CHAPTER XXVII
MISS GOLD SHOWS ME THE WAY
I need hardly say that I did not sleep more that night. I had two matters of the gravest importance to ponder upon: the shock to my complacency, and the state of my heart.
As to the charges of wasted time, I was bound to admit their general truth; and I did so not only by temperament, for it is my natural tendency to believe in the soundness of an adversary's case, being usually more ready to admit the error than to repulse the accusation,--a poor retrograde frame of mind enough, you will say, but my own,--but also after thought on the subject. I had, there was no doubt, vegetated rather than lived.
But it was not too late to begin; and with that brave piece of optimism for a halter, I gently led the first part of the indictment into the background and left it there.
But then?
Look where I would I saw nothing but the sweet face of Naomi.

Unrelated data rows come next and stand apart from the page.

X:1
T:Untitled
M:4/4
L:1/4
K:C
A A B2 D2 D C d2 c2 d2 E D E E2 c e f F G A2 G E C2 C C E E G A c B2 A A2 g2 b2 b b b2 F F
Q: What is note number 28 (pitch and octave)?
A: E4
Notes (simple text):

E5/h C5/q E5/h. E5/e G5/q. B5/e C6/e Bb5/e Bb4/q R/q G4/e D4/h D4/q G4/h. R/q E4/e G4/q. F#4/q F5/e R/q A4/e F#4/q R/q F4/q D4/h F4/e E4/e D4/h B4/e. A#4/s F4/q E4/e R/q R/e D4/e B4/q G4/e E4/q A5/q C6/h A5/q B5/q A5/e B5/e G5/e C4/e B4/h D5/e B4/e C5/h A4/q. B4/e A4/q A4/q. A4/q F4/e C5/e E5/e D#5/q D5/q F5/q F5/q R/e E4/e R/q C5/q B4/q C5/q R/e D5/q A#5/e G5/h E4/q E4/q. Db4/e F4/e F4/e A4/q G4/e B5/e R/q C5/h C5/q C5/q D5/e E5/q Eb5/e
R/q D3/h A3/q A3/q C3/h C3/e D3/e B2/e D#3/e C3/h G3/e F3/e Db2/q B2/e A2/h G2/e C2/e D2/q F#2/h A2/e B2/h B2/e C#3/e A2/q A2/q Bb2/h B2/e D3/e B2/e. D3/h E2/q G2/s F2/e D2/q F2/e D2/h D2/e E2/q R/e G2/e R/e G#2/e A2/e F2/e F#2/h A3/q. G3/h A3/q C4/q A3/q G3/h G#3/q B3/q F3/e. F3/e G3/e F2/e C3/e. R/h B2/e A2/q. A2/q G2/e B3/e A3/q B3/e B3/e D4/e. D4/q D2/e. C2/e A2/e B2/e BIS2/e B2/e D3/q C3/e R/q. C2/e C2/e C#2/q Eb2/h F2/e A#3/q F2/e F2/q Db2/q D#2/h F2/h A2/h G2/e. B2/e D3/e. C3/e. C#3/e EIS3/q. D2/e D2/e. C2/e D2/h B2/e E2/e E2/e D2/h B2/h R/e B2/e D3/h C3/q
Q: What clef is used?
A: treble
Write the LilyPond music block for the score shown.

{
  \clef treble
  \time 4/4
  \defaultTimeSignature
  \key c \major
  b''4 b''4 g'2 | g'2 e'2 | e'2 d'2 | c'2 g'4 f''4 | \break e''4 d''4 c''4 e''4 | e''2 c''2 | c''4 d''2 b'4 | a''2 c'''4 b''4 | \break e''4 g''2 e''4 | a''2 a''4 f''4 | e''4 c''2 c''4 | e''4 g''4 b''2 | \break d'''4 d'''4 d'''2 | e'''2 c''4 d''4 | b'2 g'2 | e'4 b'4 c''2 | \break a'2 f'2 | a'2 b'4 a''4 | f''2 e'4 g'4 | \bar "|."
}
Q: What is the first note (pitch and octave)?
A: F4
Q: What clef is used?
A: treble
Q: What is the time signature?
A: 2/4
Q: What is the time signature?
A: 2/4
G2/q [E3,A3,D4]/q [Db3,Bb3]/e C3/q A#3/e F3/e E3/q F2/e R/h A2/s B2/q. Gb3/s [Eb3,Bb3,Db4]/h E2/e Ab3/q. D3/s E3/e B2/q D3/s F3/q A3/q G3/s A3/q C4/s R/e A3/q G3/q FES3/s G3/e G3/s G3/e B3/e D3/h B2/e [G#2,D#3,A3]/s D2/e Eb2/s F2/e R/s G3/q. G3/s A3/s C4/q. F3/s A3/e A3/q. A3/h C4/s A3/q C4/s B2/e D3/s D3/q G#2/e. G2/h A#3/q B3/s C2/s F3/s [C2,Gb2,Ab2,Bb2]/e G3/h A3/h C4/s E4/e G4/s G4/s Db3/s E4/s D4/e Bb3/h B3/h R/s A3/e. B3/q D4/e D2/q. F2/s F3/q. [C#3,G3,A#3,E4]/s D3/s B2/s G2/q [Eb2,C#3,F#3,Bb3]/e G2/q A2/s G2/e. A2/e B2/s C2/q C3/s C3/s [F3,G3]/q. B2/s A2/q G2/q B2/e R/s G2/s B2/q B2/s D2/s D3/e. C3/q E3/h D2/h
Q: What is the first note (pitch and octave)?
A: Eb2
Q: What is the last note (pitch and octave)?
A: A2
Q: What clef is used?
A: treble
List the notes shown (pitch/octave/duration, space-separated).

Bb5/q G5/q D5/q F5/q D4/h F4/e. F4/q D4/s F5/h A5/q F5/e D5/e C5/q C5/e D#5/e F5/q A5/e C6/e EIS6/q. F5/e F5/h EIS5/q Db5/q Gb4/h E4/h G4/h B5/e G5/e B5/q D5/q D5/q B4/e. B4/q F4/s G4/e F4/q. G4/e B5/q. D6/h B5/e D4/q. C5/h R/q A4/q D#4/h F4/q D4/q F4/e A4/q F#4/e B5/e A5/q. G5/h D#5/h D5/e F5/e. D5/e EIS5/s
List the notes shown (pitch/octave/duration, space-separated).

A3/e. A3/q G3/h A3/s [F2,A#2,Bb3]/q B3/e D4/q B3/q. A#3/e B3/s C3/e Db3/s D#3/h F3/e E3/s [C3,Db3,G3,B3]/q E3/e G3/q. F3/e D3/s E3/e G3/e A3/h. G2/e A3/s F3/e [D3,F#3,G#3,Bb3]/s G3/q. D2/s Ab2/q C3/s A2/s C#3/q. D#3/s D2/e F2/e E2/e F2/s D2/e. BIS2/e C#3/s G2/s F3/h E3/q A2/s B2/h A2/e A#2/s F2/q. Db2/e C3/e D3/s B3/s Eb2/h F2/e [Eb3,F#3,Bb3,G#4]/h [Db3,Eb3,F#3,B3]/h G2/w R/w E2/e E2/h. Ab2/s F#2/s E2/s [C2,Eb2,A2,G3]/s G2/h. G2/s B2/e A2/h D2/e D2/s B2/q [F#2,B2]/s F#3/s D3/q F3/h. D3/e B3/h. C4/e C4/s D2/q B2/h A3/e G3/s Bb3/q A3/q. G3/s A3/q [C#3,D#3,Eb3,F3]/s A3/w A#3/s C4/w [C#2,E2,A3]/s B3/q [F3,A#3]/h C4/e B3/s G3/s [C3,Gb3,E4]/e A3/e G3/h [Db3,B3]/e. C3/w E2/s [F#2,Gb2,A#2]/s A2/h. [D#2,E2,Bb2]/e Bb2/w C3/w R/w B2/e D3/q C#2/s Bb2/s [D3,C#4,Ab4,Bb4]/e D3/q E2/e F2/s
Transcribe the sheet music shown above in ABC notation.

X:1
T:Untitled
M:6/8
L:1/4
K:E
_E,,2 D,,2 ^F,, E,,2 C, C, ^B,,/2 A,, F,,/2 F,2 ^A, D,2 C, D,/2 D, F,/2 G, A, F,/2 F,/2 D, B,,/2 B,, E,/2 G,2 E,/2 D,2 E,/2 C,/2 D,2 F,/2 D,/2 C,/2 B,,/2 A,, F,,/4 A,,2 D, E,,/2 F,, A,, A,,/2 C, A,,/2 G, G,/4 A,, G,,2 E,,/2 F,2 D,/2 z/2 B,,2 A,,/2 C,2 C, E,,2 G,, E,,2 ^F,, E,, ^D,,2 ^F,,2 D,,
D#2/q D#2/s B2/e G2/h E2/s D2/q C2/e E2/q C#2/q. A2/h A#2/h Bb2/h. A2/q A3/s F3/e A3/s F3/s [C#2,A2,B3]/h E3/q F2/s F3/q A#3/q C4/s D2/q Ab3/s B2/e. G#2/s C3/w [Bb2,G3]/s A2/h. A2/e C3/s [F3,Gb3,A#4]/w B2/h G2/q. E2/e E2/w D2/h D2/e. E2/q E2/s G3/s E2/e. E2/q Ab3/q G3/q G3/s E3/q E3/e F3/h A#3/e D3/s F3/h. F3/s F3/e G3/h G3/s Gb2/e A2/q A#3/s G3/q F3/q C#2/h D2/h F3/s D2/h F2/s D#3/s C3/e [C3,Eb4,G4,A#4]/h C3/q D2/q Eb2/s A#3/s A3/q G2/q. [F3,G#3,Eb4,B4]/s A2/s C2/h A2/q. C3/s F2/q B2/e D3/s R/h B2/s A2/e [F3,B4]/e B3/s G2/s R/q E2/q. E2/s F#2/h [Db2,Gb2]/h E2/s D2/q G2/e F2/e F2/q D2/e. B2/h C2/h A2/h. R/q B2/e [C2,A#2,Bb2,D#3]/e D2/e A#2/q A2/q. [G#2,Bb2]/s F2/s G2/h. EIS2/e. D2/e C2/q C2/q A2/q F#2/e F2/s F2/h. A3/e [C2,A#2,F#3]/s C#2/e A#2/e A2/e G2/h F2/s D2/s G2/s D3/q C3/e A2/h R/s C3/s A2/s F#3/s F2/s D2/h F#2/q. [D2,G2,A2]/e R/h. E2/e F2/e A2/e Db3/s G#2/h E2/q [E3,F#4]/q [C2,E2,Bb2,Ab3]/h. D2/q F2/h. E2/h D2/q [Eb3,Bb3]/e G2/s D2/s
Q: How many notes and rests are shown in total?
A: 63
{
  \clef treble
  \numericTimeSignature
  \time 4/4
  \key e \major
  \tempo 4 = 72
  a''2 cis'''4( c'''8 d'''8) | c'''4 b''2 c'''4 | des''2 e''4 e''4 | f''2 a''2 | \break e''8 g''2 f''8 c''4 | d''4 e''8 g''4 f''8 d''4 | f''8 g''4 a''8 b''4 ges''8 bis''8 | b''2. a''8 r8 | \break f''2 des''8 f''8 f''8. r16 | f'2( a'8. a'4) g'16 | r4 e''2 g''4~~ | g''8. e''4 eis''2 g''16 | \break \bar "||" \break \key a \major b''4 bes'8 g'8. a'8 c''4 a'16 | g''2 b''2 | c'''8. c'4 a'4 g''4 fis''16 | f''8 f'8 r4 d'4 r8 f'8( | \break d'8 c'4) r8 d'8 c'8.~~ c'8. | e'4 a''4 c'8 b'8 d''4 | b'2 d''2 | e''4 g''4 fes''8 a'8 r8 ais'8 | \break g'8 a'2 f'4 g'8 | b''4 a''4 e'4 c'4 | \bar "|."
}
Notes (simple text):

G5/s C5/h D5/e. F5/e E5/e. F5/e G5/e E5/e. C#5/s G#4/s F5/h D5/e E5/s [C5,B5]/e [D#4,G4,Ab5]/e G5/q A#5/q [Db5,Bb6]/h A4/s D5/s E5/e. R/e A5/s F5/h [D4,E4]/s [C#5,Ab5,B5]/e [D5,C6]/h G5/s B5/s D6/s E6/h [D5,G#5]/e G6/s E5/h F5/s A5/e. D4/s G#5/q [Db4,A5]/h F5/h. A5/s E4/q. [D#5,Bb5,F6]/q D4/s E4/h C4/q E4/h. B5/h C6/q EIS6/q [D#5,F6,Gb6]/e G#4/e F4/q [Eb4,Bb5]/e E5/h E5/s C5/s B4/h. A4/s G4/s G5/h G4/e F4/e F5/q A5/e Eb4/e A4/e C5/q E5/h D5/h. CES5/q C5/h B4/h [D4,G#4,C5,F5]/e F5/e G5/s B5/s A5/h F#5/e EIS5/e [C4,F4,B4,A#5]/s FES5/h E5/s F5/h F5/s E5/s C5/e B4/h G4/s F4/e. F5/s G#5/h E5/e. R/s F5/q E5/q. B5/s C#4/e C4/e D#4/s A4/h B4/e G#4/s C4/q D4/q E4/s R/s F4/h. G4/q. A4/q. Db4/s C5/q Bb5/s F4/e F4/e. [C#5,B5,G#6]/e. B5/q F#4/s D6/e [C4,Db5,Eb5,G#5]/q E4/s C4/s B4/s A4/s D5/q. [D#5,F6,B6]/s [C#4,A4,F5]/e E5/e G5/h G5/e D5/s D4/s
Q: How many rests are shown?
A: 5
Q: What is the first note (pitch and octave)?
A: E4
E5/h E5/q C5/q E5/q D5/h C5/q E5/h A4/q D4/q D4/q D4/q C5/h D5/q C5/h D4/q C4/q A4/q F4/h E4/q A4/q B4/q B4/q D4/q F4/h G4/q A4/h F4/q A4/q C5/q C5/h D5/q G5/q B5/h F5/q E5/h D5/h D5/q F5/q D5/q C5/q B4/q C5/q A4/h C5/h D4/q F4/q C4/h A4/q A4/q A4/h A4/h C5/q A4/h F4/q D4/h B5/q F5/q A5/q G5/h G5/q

That I was never happy away from her, I had proved; that I thought of her continually, I knew; that if she were to go away, or, worse, marry another, I should live in a world of darkness, I knew. But did this give me the right to ask her to marry me, and would she say yes? How did that young devil know that she loved me?
The whole thing was an absurd dream, realistic enough, but as ridiculous as other dreams.
Having reached this point I began all over again.
At six I got up and walked to Covent Garden and drifted about among the flowers and vegetables. Then I had a Turkish bath, and after breakfast I took a train to Esher. The only person in the world to comfort my wounded spirit and perplexed brain was Miss Gold.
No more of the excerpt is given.